Now, if you treat your priors as posteriors that are conditional on a sample of random observations and arguments you’ve been exposed to or thought of yourself, you’d similarly find a bias towards interventions with “lucky” observations and arguments. For the intervention you do select compared to an intervention chosen at random, you’re more likely to have been convinced by poor arguments that support it and less likely to have seen good arguments against it, regardless of the intervention’s actual merits, and this bias increases the more interventions you consider. The solution supported by Proposition 2 doesn’t correct for the number of interventions under consideration.

comment by kbog · 2019-04-21T04:18:23.349Z · score: 4 (2 votes) · EA · GW
It doesn’t actually tell you that your posterior distributions will tend to better predict values you will later measure in the real world (e.g. by checking if they fall in your 95% credence intervals), because there need not be any connection between your models or priors and the real world.

This is an issue of the models and priors. If your models and priors are not right... then you should update over your priors and use better models. Of course they can still be wrong... but that's true of all beliefs, all reasoning, etc.

you will tend to find the posterior EV of your chosen coin to be greater than 1/2, but since the coins are actually fair, your estimate will be too high more than half of the time on average.

If you assume from the outside (unbeknownst to the agent) that they are all fair, then you're not showing a problem with the agent's reasoning, you're just using relevant information which they lack.

you could have a uniform prior on the true future long-run average frequency of heads for the unbiased coins

My prior would not be uniform, it would be 0.5! What else could "unbiased coins" mean? This solves the problem, because then a coin with few head flips and zero tail flips will always have posterior of p > 0.5.
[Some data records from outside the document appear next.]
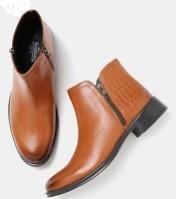 leather boots for women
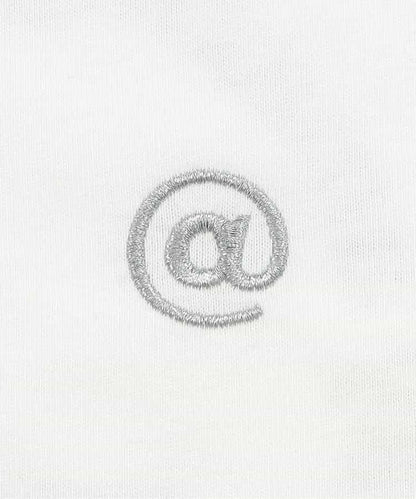 法式短袖一點繡T-shirt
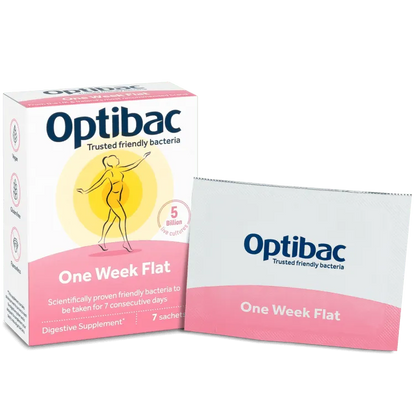 Optibac - One Week Flat - GOLDFARMACI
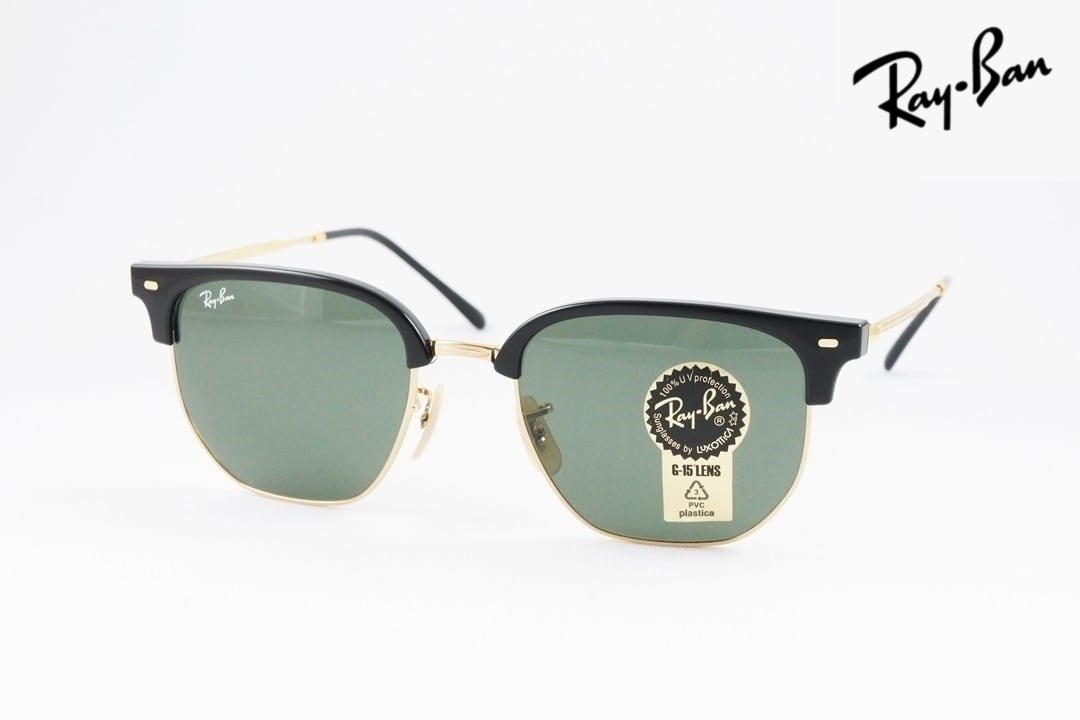 Ray-Ban サングラス NEW CLUBMASTER RB4416 710/51 51サイズ 53サイズ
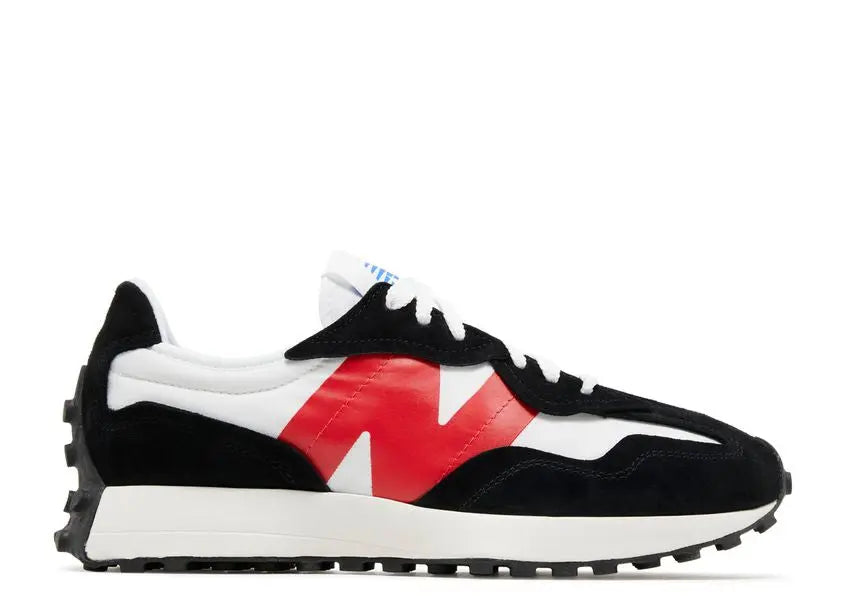 New Balance 327 White True Red New Balance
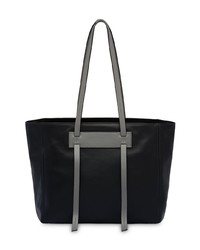 schwarze Shopper Tasche aus Leder von Miu Miu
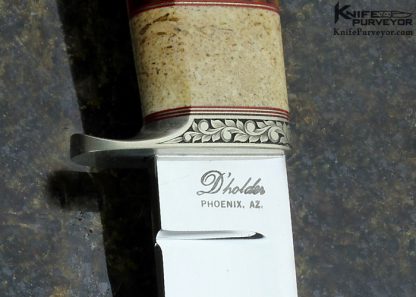 D'Alton Holder Custom Knife Julie Warenski Engraved My Knife - Image 4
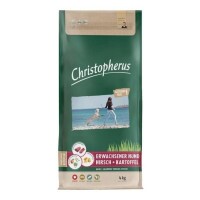 Christopherus Dog Adult Grainfree Szarvas és burgonya Large 12kg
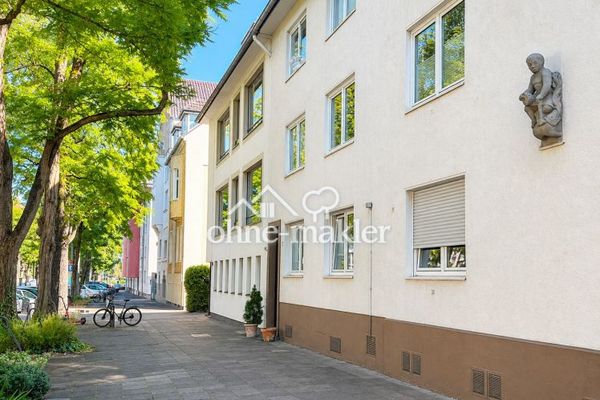 Keyifli 42 m² – merkezi konumda 2 odalı çatı katı dairesi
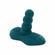 Have a Seat Rechargeable Silicone Vibrator with Remote Blue 3.7" Silicone Remote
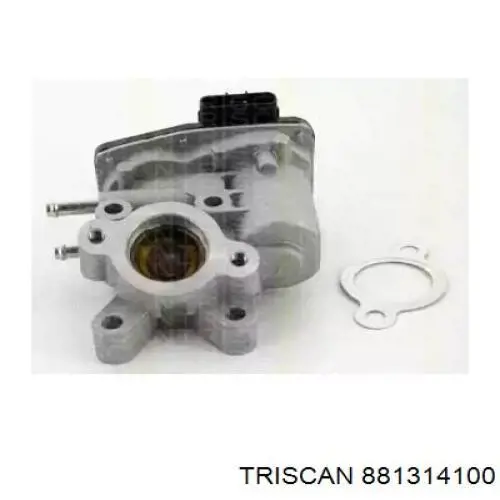 Клапан EGR, рециркуляції газів Nissan Cabstar NT400 (F24M) (Нісан Кабстар)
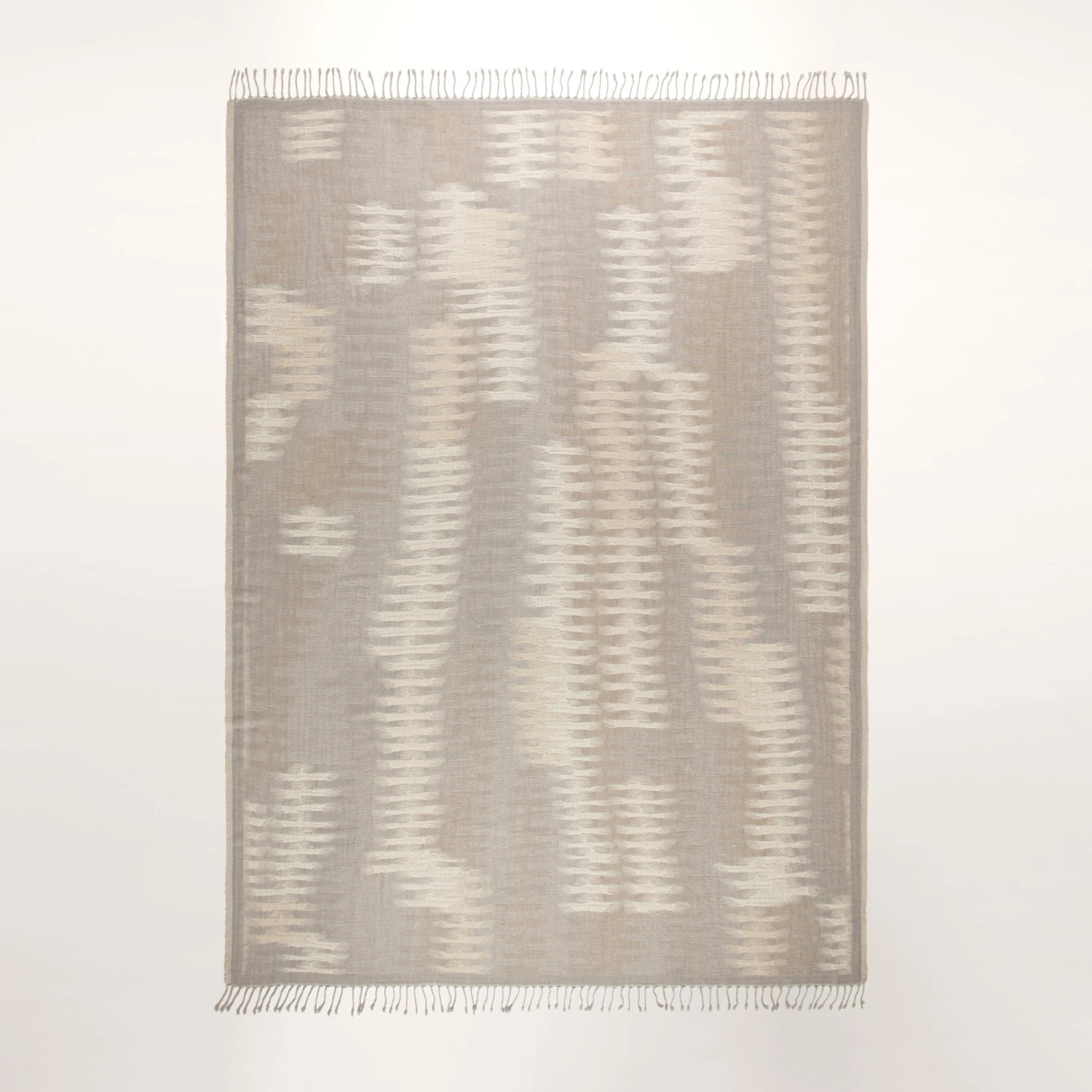 Plaid KHAN Blanc Doux 5 Plaid KHAN Blanc Doux – Image 5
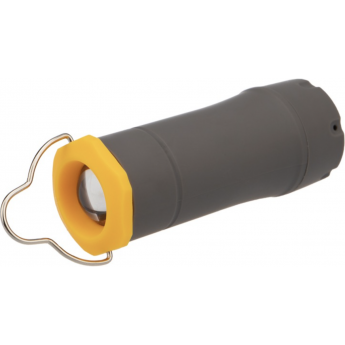 Фонарь REXANT универсальный 3 в 1 ручной/туристический/кемпинговый, регулируемый фокус, складной подвес, 3хААА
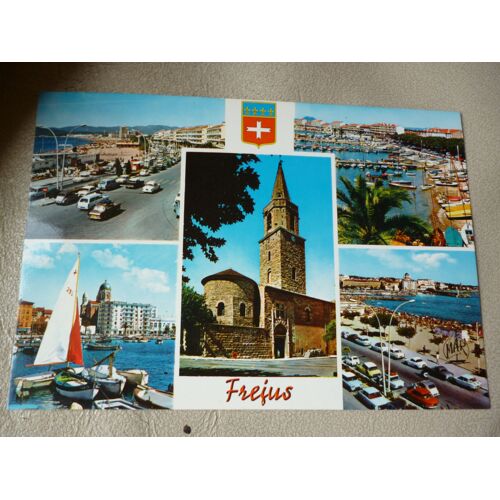 Carte Couleurs Multivues De Fréjus.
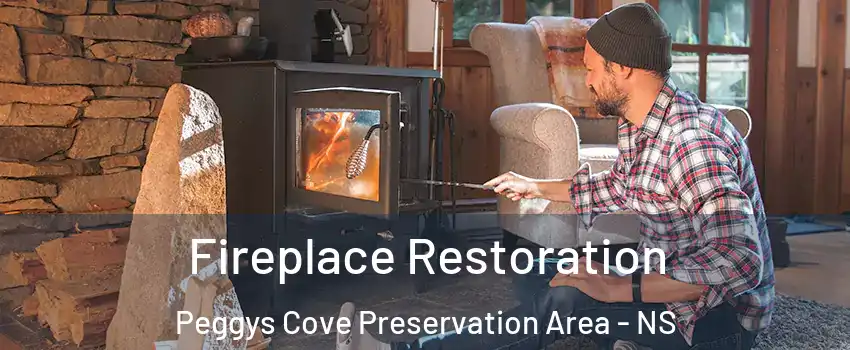  Fireplace Restoration Peggys Cove Preservation Area - NS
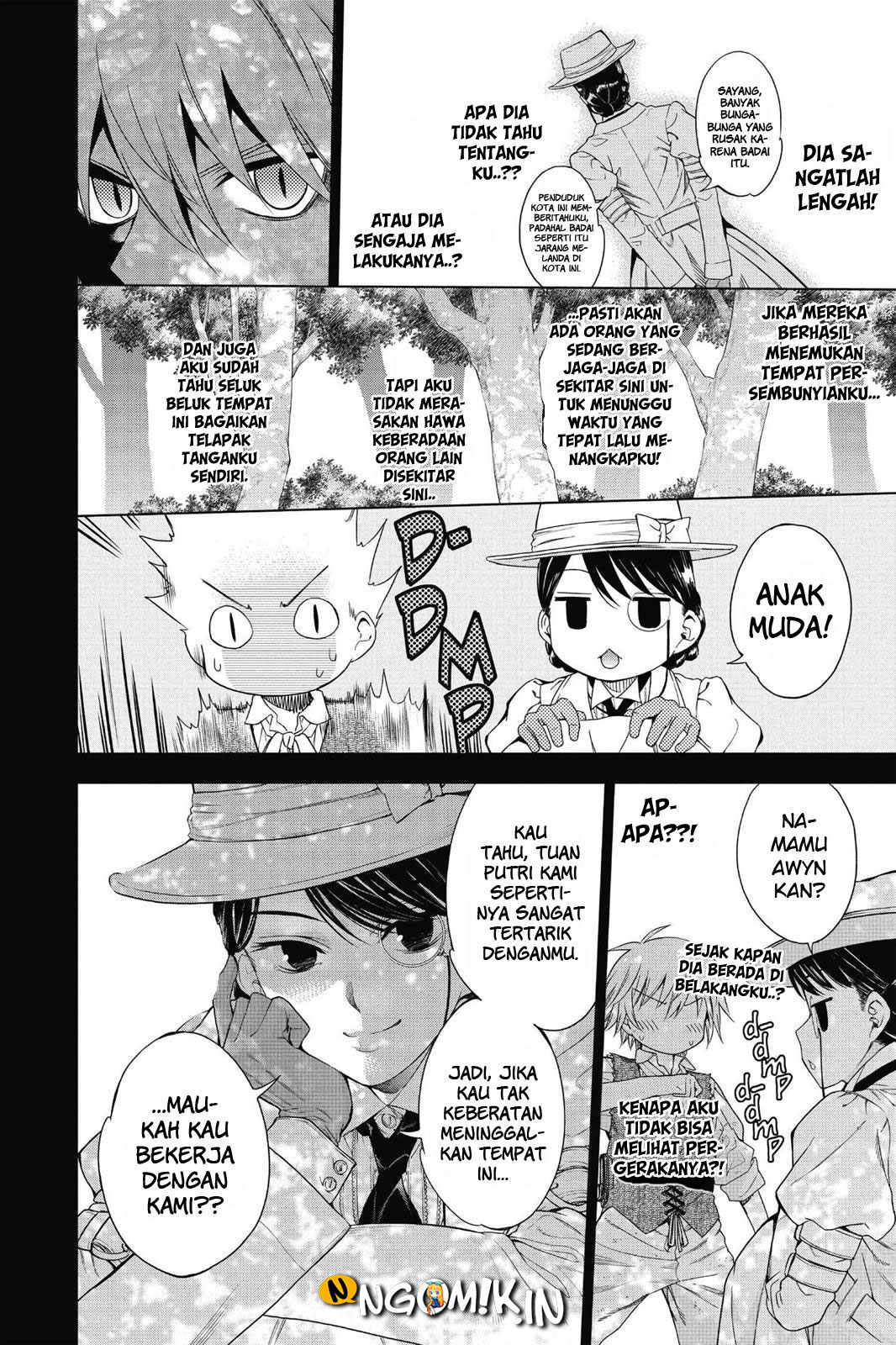 7th Garden Chapter 15 - halaman 20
If you build enough models each trial, you might find the models you select are actually overfitting to the validation set (memorizing it), sometimes to the point that the models with highest validation accuracy will tend to have worse test accuracy than models with validation accuracy in a lower interval.

In this case we have a prior expectation that simpler models are more likely to be effective.

Do we have a prior expectation that one kind of charity is better? Well if so, just factor that in, business as usual. I don't see the problem exactly.

3. Due to the related satisficer’s curse, when doing multiple hypothesis tests, you should adjust your p-values upward or your p-value cutoffs (false positive rate, significance level threshold) downward in specific ways to better predict replicability.
4. The satisficer’s curse also guarantees that empirical study publication based on p-value cutoffs will cause published studies to replicate less often than their p-values alone would suggest.

Bayesian EV estimation doesn't do hypothesis testing with p-value cutoffs. This is the same problem popping up in a different framework, yes it will require a different solution in that context, but they are separate.

Now, if you treat your priors as posteriors that are conditional on a sample of random observations and arguments you’ve been exposed to or thought of yourself, you’d similarly find a bias towards interventions with “lucky” observations and arguments. For the intervention you do select compared to an intervention chosen at random, you’re more likely to have been convinced by poor arguments that support it and less likely to have seen good arguments against it, regardless of the intervention’s actual merits, and this bias increases the more interventions you consider. The solution supported by Proposition 2 doesn’t correct for the number of interventions under consideration.

The proposed solution applies here too, just do (simplistic, informal) posterior EV correction for your (simplistic, informal) estimates.

Of course that's not going to be very reliable. But that's the whole point of using such simplistic, informal thinking. All kinds of rigor get sacrificed when charities are dismissed for sloppy reasons. If you think your informally-excluded charities might actually turn out to be optimal then you shouldn't be informally excluding them in the first place.